Des bactéries de plus en plus résistantes, et pas assez de nouveaux antibiotiques pour les combattre. C’est sur cette inquiétude que se clôture ce mardi la conférence mondiale sur les maladies infectieuses (ICAAC) de Boston. Le fameux gène NDM-1, improprement présenté comme une «superbactérie», est au centre de toutes les attentions. Mais il n’est pas la seule menace.

«NDM-1 est un gène de résistance», a expliqué à 20minutes.fr Jean-Pierre Marcel, expert bactériologiste, membre de la société française de microbiologie. Un gène qui rend les bactéries qui le contiennent résistantes aux carbapénèmes, famille d’antibiotiques considérée comme la plus puissante, notamment active sur les bactéries multi-résistantes.

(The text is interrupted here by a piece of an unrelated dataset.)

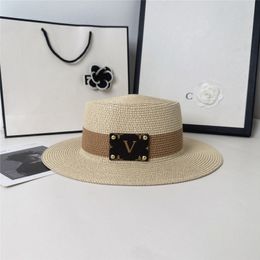 Womens Luxury Designer Straw Hat Designer Bucket Hats Trend Flat Caps For Ladies Wide Brim Hats Summer Sun Visor High Quality Beach Travel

Transmission d’une bactérie à l’autre

Au départ, raconte Jean-Pierre Marcel, ce gène a été détecté sur une bactérie inoffensive. Mais on le trouve désormais sur des entérobactéries, de virulence certes moyenne, mais qui peuvent être responsables d’infections mortelles dans certains cas et dont certaines doivent être traités par des carbapénèmes.

«Des éléments d’ADN se transmettent d’une bactérie à l’autre», explique Didier Mazel, qui dirige une unité de recherches sur les mécanismes de multirésistance à l’Institut Pasteur. D’où la crainte désormais que le gène «se répande à d’autres bactéries», indique le spécialiste.

Les antibiotiques pas assez rentables pour les labos

«Actuellement, aucune bactérie n’est résistante à tous les antibiotiques, mais c’est une crainte», reconnaît Jean-Pierre Marcel. Le risque: «la convergence du gène vers une bactérie virulente et qui se diffuse rapidement», et son intrusion en milieu hospitalier, «véritable incubateur».

Si tel était le cas, il faudrait utiliser de nouveaux antibiotiques. Problème: «développer des nouvelles molécules coûte plusieurs dizaines de millions d’euros, et même plus», indique Didier Mazel. Et selon lui, le retour sur investissement n’est pas intéressant pour les laboratoires.

«Les bactéries étaient là avant nous»

«La situation est critique mais pas désespérée», estime le spécialiste. Selon lui, en effet, l’émergence de nouvelles résistances devraient motiver les laboratoires à se pencher sur les nouvelles molécules d’antibiotiques. Et si une bactérie devenait résistante à tous les traitements ? «Les patients atteints mourraient», tranche Jean-Pierre Marcel.

En attendant, il faut «apprendre à cohabiter avec les bactéries en considérant le problème comme une question écologique». «Les bactéries étaient là avant nous», rappelle le bactériologiste. Et pour éviter de favoriser encore les résistances avec les antibiotiques, le secret pourrait résider dans les règles d’hygiènes simples. «Il s’agit d’éviter la transmission des germes plutôt que d’essayer de les tuer», décrit le spécialiste.